=== Data provided ===

::::::

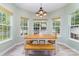 Sunlit dining area boasts large windows and a charming light fixture, perfect for enjoying meals with a view at 8927 Comstock Ct, Locust, NC 28097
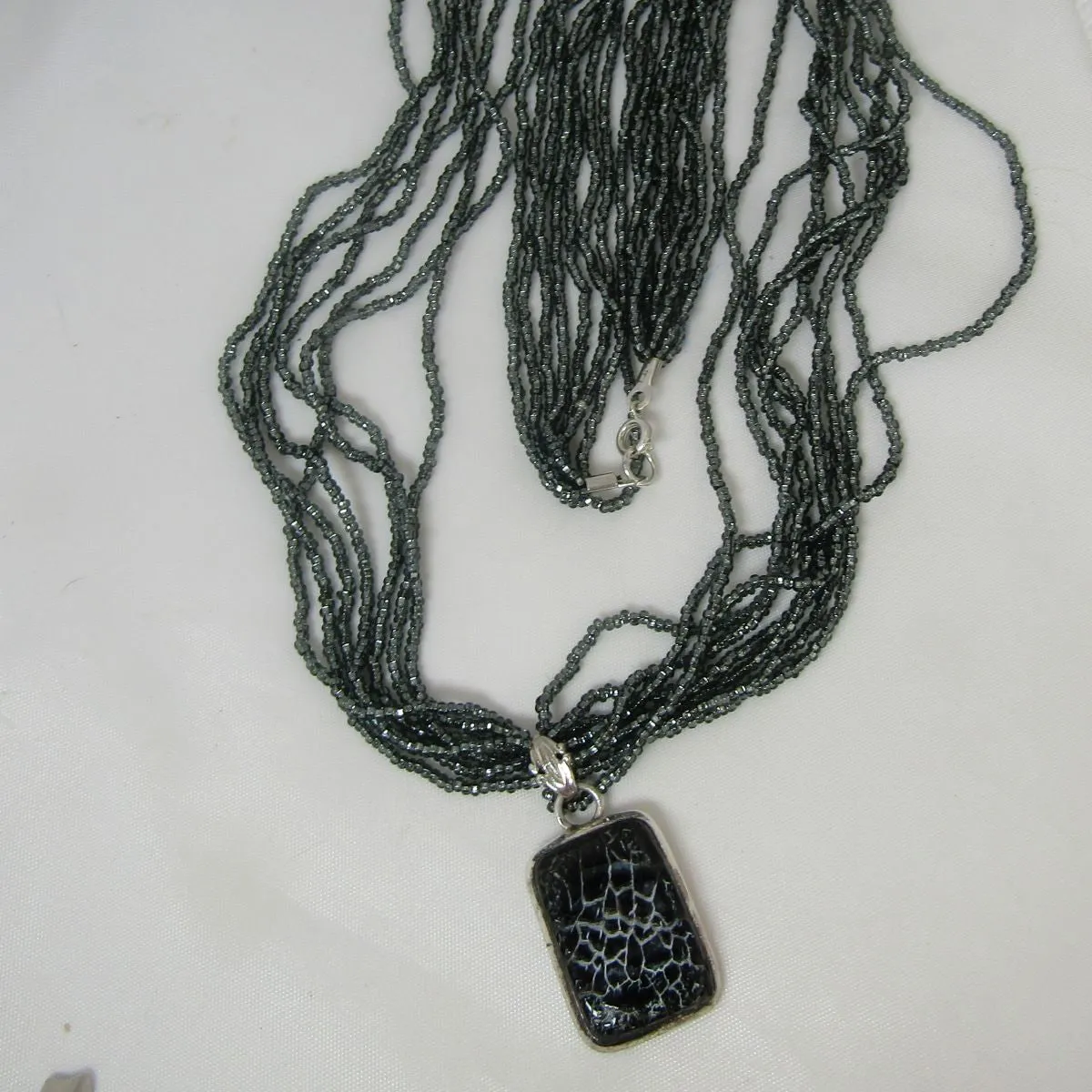 Charcoal Multi-strand Necklace with Dinosaur Bone Pendant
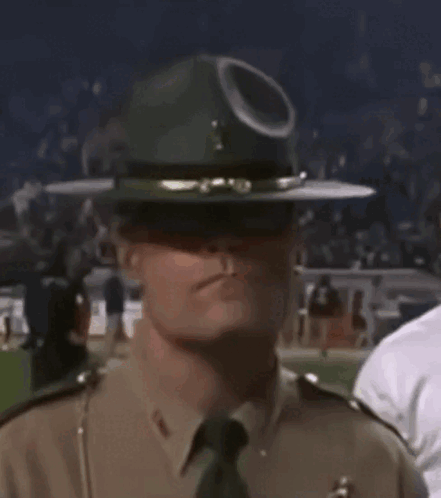 A Police Officer Wearing A Hat And Sunglasses Is Standing In A Crowd . GIF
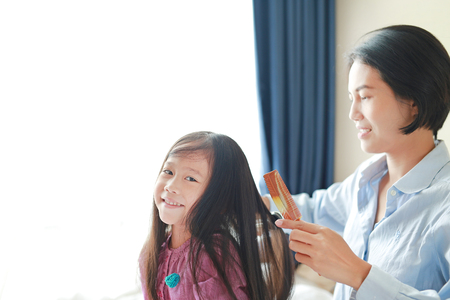 Beautiful little Asian child girl with long hair and mom dressed up for Smooth hair at morning in the room.の写真素材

::::::

=== Task requirements ===
Copy out the listing exactly as it stands, but not the pictures.

=== Completed exercise ===
 Sunlit dining area boasts large windows and a charming light fixture, perfect for enjoying meals with a view at 8927 Comstock Ct, Locust, NC 28097
 Charcoal Multi-strand Necklace with Dinosaur Bone Pendant
 A Police Officer Wearing A Hat And Sunglasses Is Standing In A Crowd . GIF
 Beautiful little Asian child girl with long hair and mom dressed up for Smooth hair at morning in the room.の写真素材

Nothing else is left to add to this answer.